**WHAT IS EXPECTED:** Given the records below, would you repeat exactly the lines that begin at the one containing "KMS-Vitrine, 48h Neukölln 2024" and end at the one containing "Silver Ice Metallic", inclusive?

**EXTRACTED RECORDS:**
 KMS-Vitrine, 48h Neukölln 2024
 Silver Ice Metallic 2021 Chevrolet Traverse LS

==

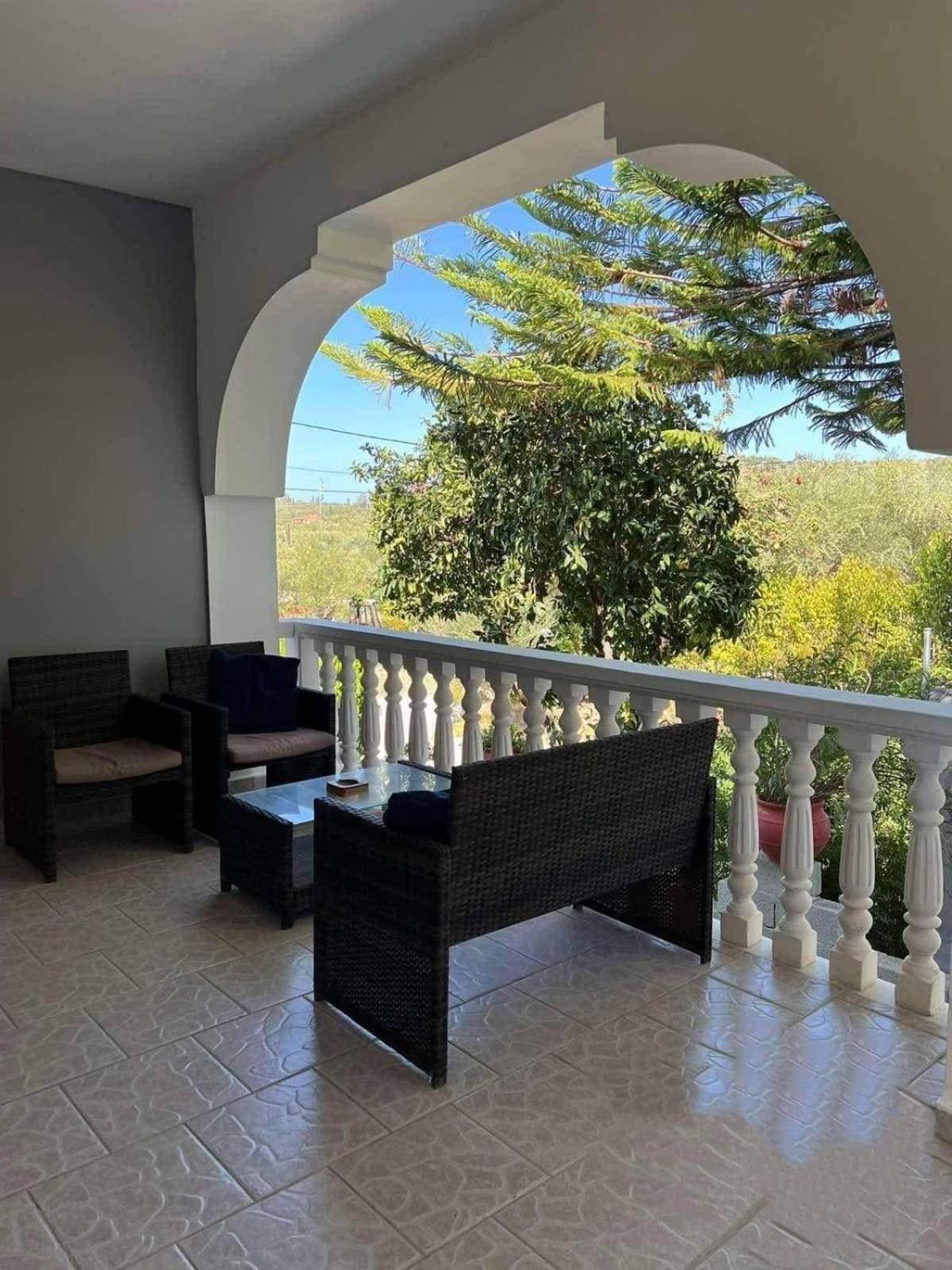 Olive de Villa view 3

**RESULT OF THE EXERCISE:**
 KMS-Vitrine, 48h Neukölln 2024
 Silver Ice Metallic 2021 Chevrolet Traverse LS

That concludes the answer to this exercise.